A technical deep-dive into integrating Perplexity AI’s language models, or, “How I taught my computer to argue with itself.”
So, you want to make your Python app talk to Perplexity AI? Great! Because nothing says “cutting-edge” like outsourcing your brainpower to a server farm. In this article, I’ll dive into an example built with Amazon Q Developer, Perplexity and a few other tools. Maybe, just maybe, figure out if this is a good idea.

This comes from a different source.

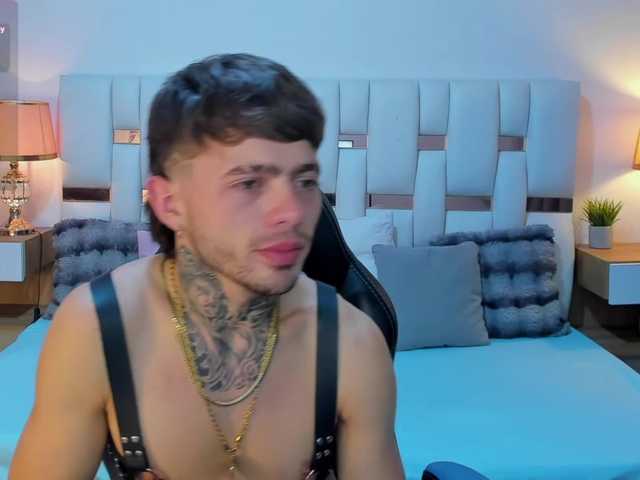 Zeusdamian21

My effort; it’s a brautiful mess but works: Modsecurity Rule Explainer.
Project Overview
I started by trying to create a “flexible” language model interface. Translation: making it so you can swap out AI providers like you swap out socks or trying a new flavour of ice cream. There’s always a new flavour, or something like that. Except, instead of smelly feet, you get… well, potentially tastey AI responses.
Key Components
Penmenship lands better outcomes
Start with a plan, think of it as building psudeo code and request workflows ahead of time. This helps you understand the requirements. But the trick not only building great prompts, but knowing that these tools get it wrong (a lot).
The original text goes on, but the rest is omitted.